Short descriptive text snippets

%%

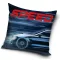 Sportautó Speed párnahuzat 40x40 cm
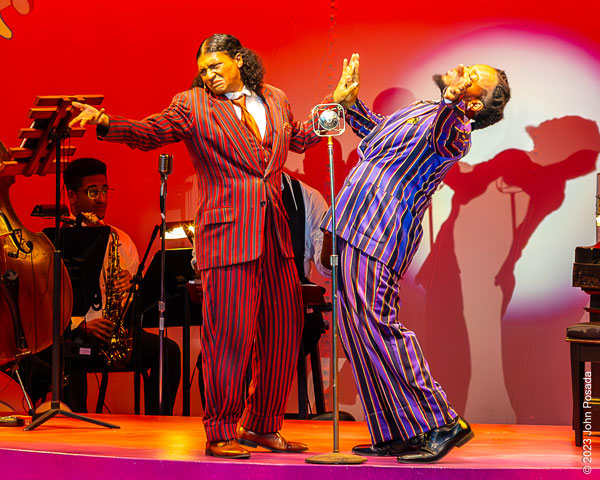 PHOTOS from &#34;Ain’t Misbehavin’&#34; at Plays-in-the-Park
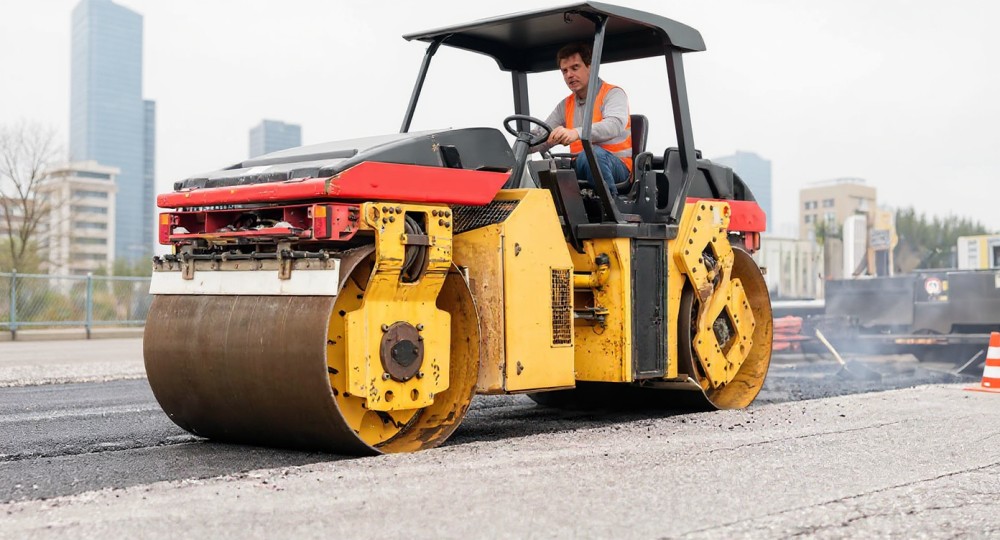 Nowe inwestycje w Otyniu: modernizacja dróg i plac zabaw dla dzieci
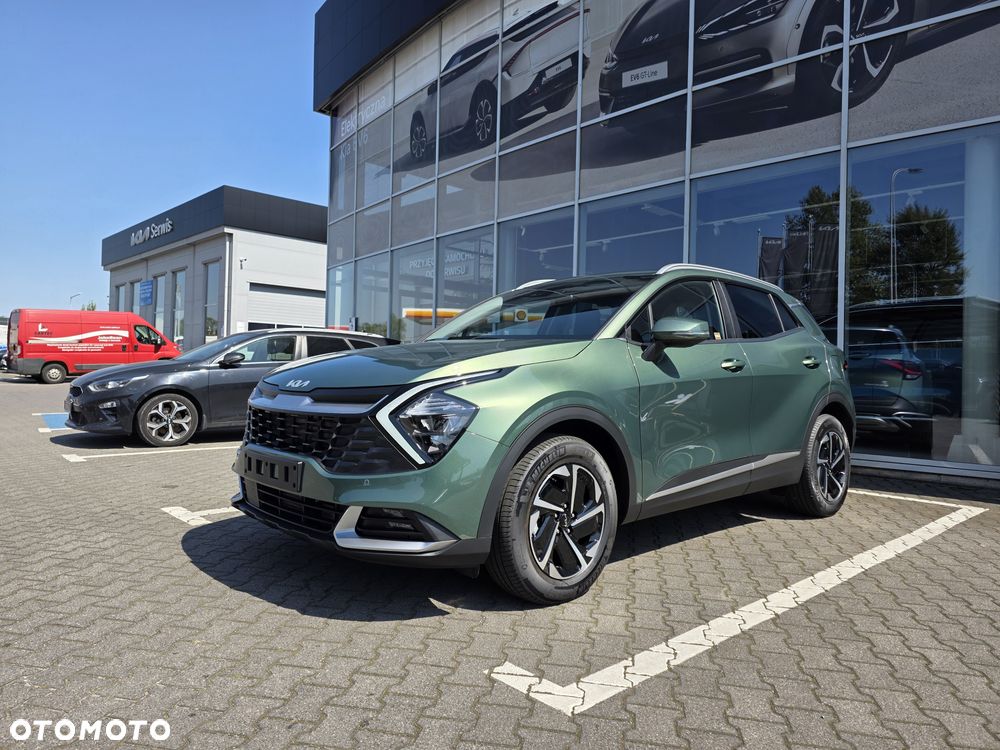 Kia Sportage 1.6 T-GDI HEV L 4WD - 1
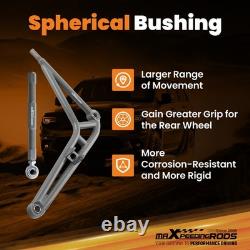 KIT COMPLET DE BRAS DE SUSPENSION AVANT À GRAND ANGLE FOR BMW E36 318i 323i 328i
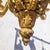 20th Century Mazarin Bronze Chandelier For Sale - Image 9 of 15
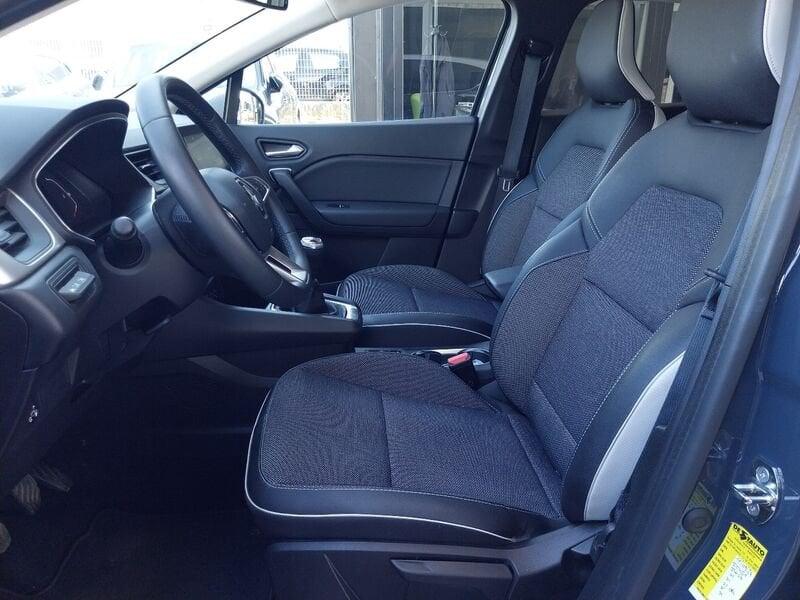 Renault Captur Captur 1.0 tce Intens Gpl 100cv my21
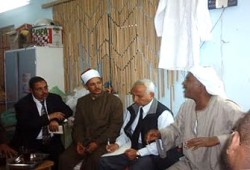 ترحيل مراسل "إخوان أون لاين" إلى سجن برج العرب!!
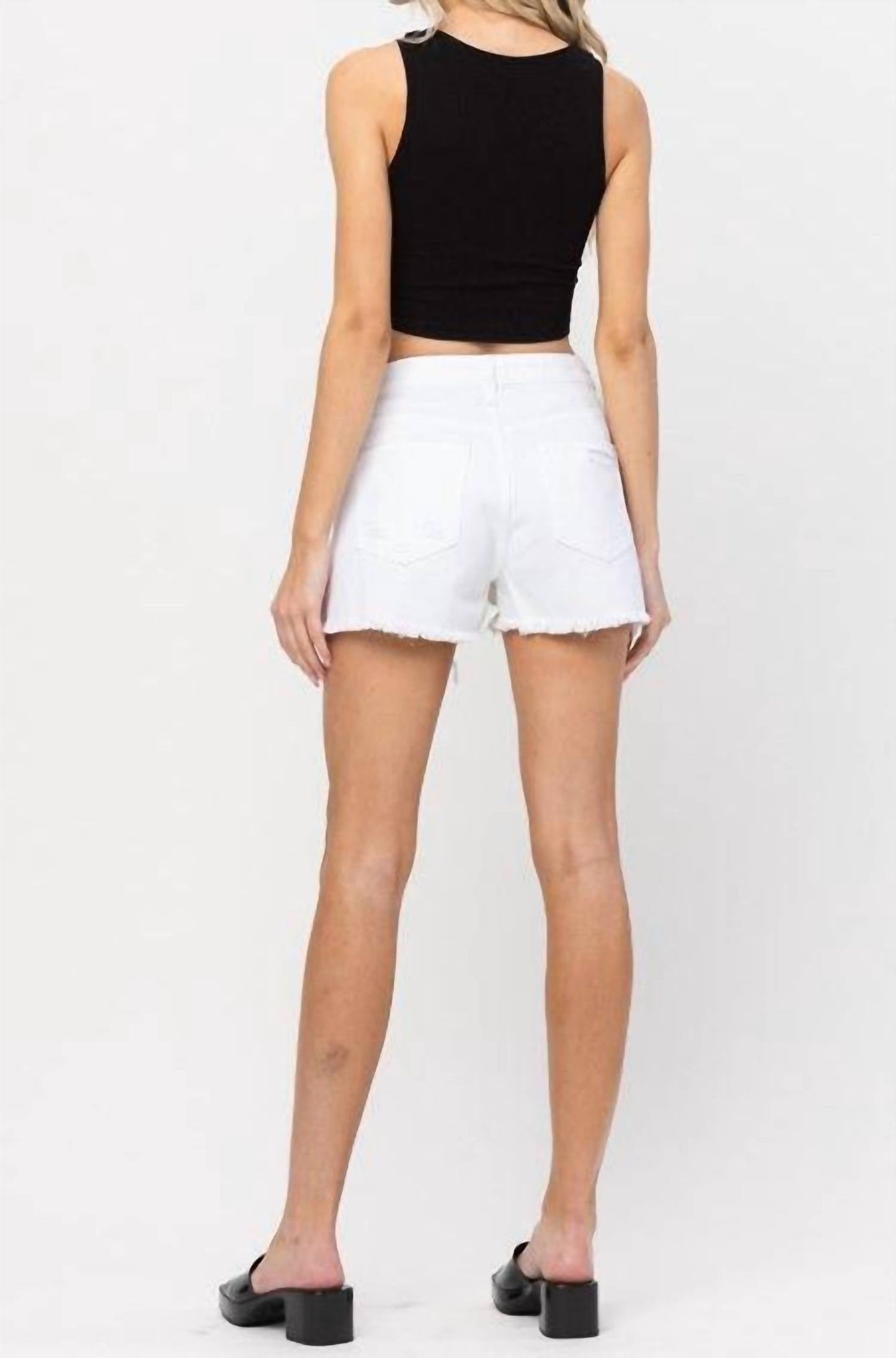 Jelly Jeans - Jackson Denim Shorts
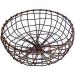 Fruit Basket Bowl Fruit Basket for Kitchen Countertop Metal Vegetable Storage Bowl Metal Mesh Wire Fruit Basket Fruit Bowls (Size : M) - Buy Online on GoSupps.com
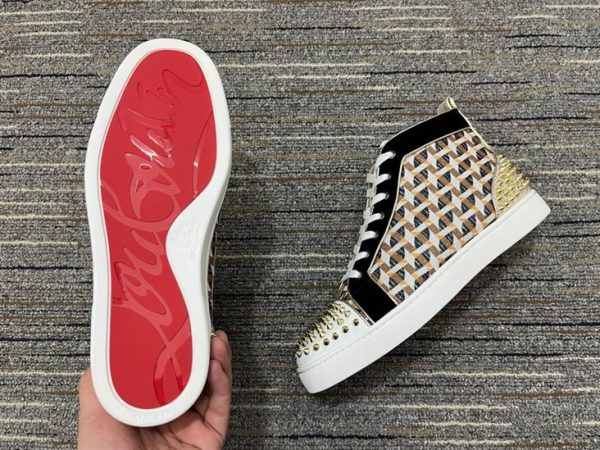 Christian Louboutin High- top Sneakers - CLS87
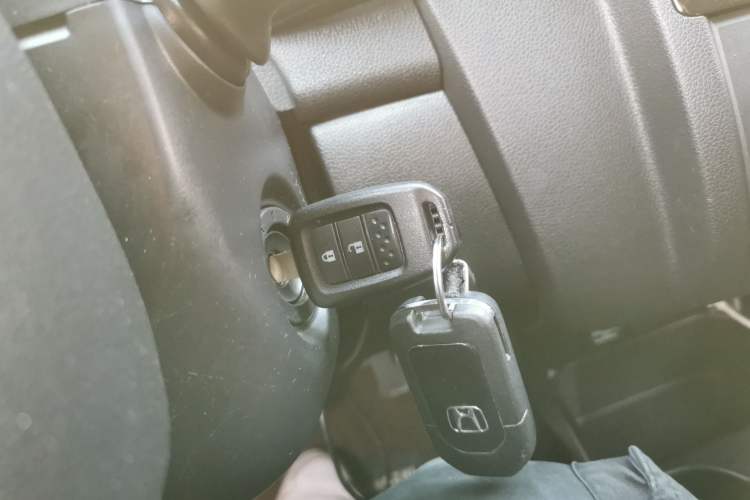 Used Honda Fit 2016 1.5L LX CVT Comfort Model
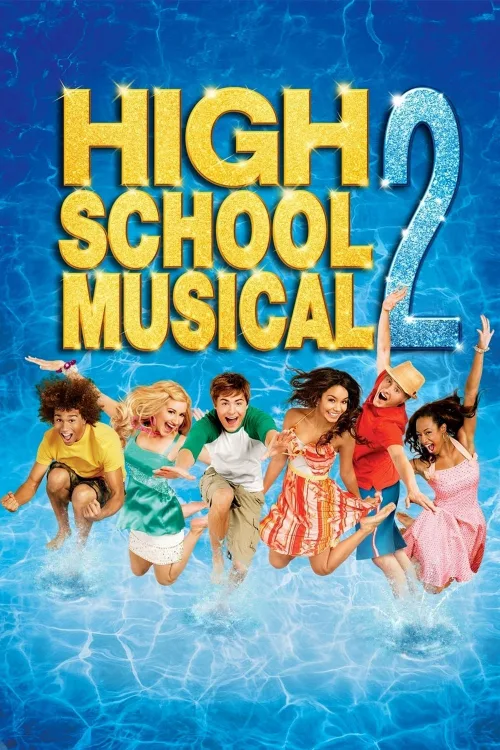 High School Musical 2 İndir posteri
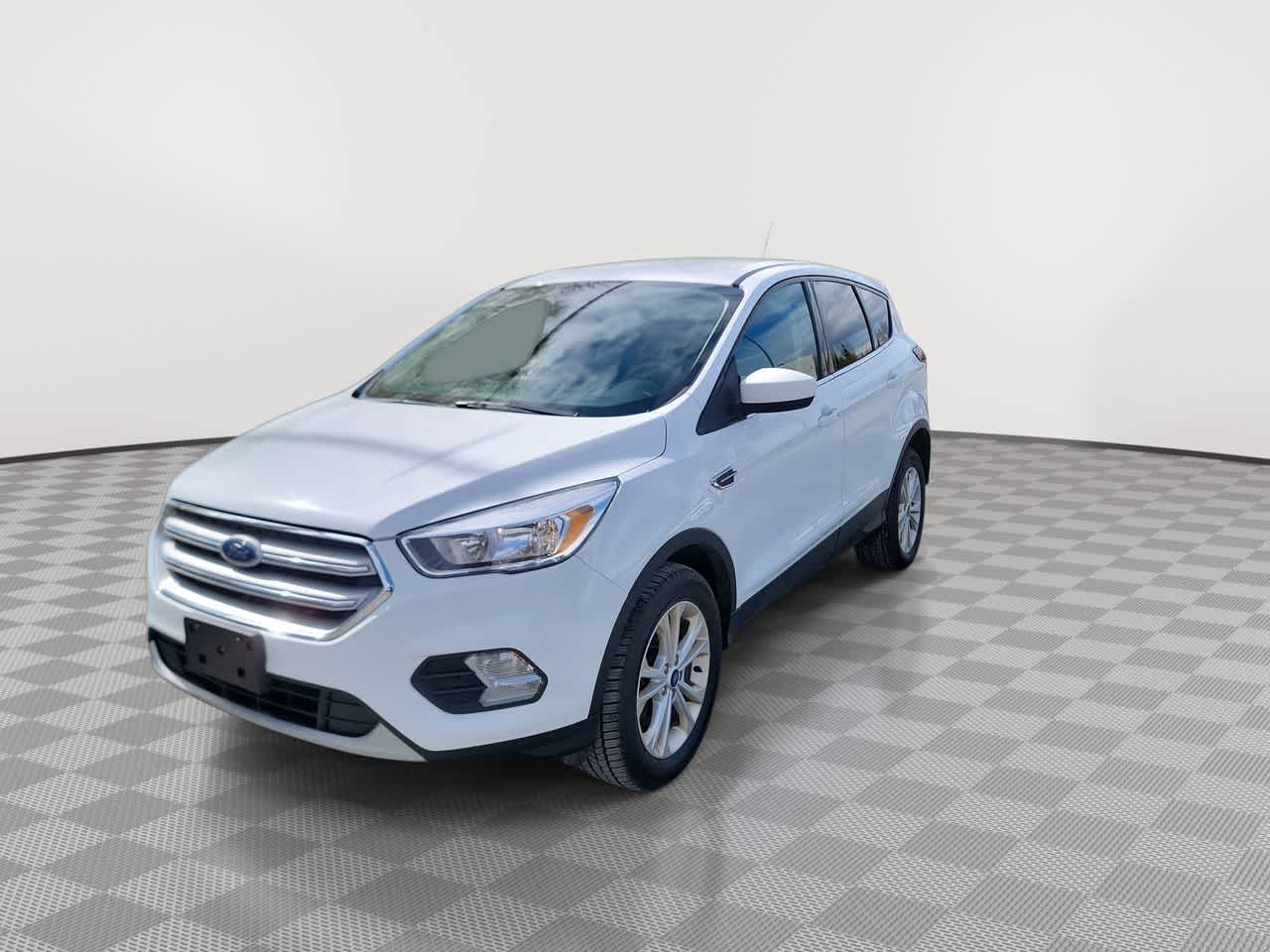 used 2019 Ford Escape car, priced at $13,995
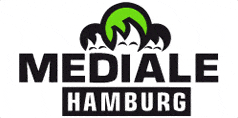 TrustPromotion Messekalender Logo-MEDIALE HAMBURG in Hamburg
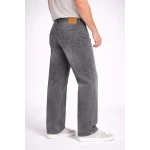 Blugi bărbătești gri deschis, cu picior drept – Clasici și confortabili 18501 gri / 2026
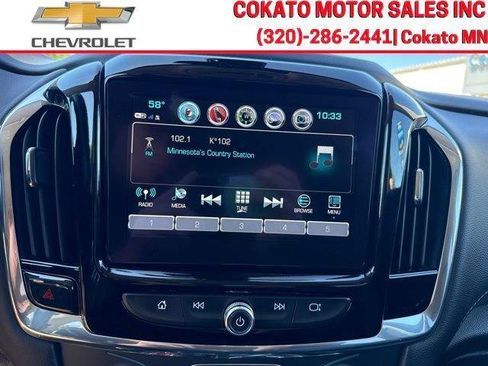 Used 2019 Chevrolet Traverse RS FWD image 23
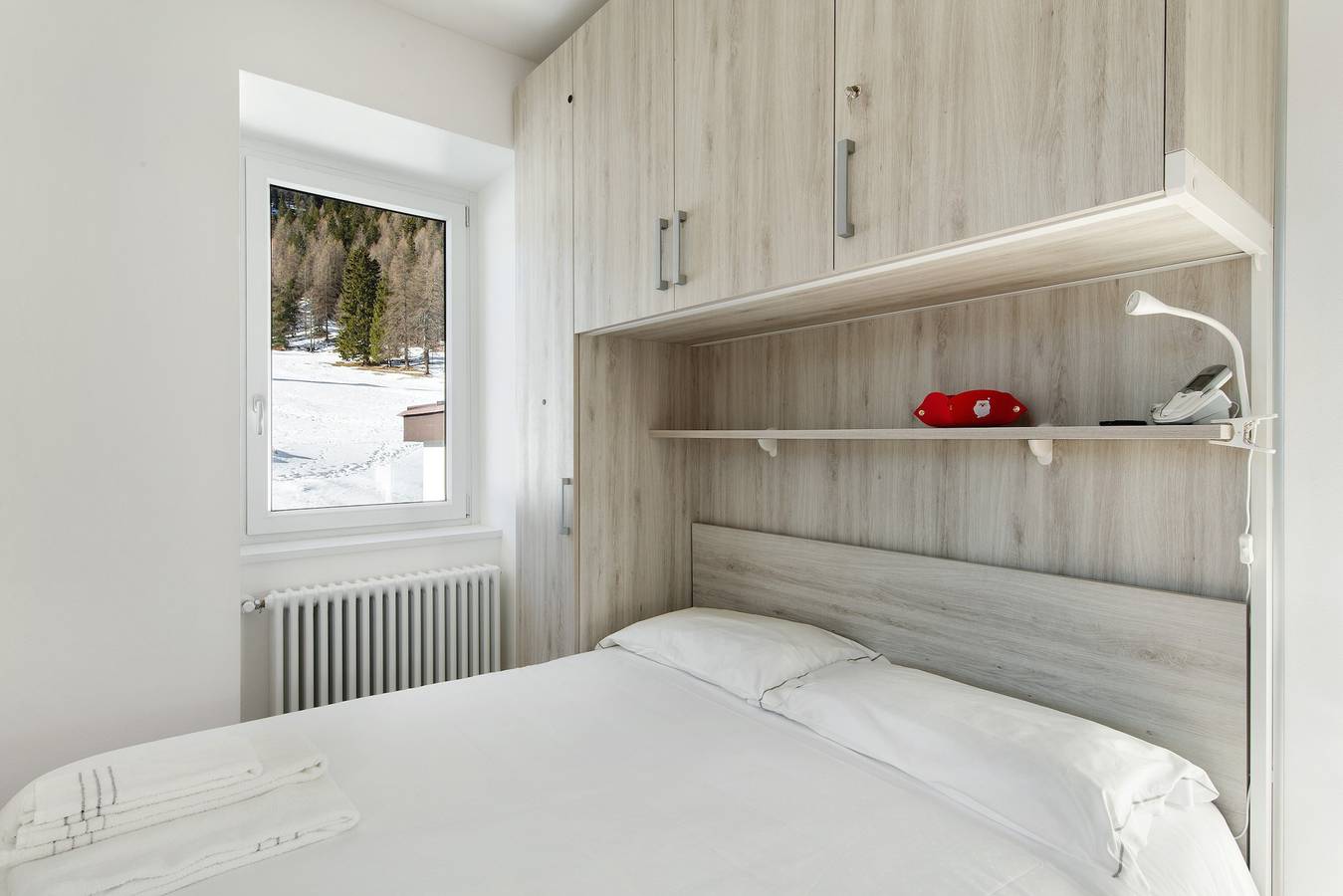 Estudio entero, Monolocal 'Dolomiti y Misurina My Dreams' con vistas al lago y balcón in Auronzo di Cadore, Dolomiti Superski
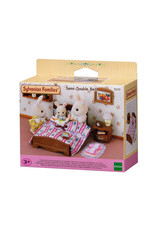 Sylvanian Families Sylvanian families 5019 Twijfelaar-Bed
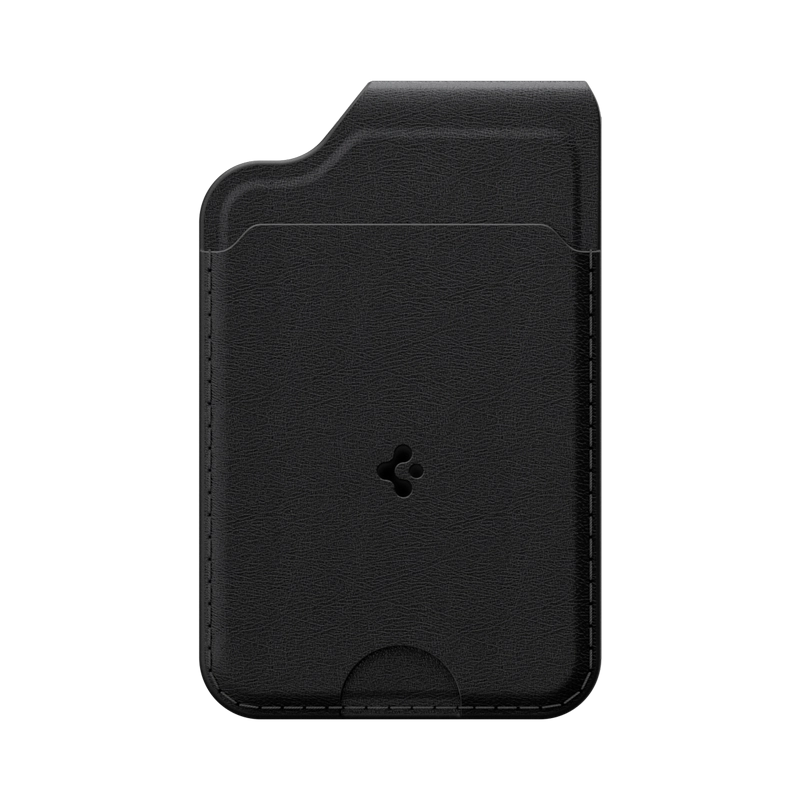 Husă Portmoneu Samsung Spigen Valentinus S Negru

%%

INSTRUCTIONS TO FOLLOW — In repeating the lines above, keep the wording exact and leave every picture out.

SOLUTION —
 Sportautó Speed párnahuzat 40x40 cm
 PHOTOS from &#34;Ain’t Misbehavin’&#34; at Plays-in-the-Park
 Nowe inwestycje w Otyniu: modernizacja dróg i plac zabaw dla dzieci
 Kia Sportage 1.6 T-GDI HEV L 4WD - 1
 KIT COMPLET DE BRAS DE SUSPENSION AVANT À GRAND ANGLE FOR BMW E36 318i 323i 328i
 20th Century Mazarin Bronze Chandelier For Sale - Image 9 of 15
 Renault Captur Captur 1.0 tce Intens Gpl 100cv my21
 ترحيل مراسل "إخوان أون لاين" إلى سجن برج العرب!!
 Jelly Jeans - Jackson Denim Shorts
 Fruit Basket Bowl Fruit Basket for Kitchen Countertop Metal Vegetable Storage Bowl Metal Mesh Wire Fruit Basket Fruit Bowls (Size : M) - Buy Online on GoSupps.com
 Christian Louboutin High- top Sneakers - CLS87
 Used Honda Fit 2016 1.5L LX CVT Comfort Model
 High School Musical 2 İndir posteri
 used 2019 Ford Escape car, priced at $13,995
 TrustPromotion Messekalender Logo-MEDIALE HAMBURG in Hamburg
 Blugi bărbătești gri deschis, cu picior drept – Clasici și confortabili 18501 gri / 2026
 Used 2019 Chevrolet Traverse RS FWD image 23
 Estudio entero, Monolocal 'Dolomiti y Misurina My Dreams' con vistas al lago y balcón in Auronzo di Cadore, Dolomiti Superski
 Sylvanian Families Sylvanian families 5019 Twijfelaar-Bed
 Husă Portmoneu Samsung Spigen Valentinus S Negru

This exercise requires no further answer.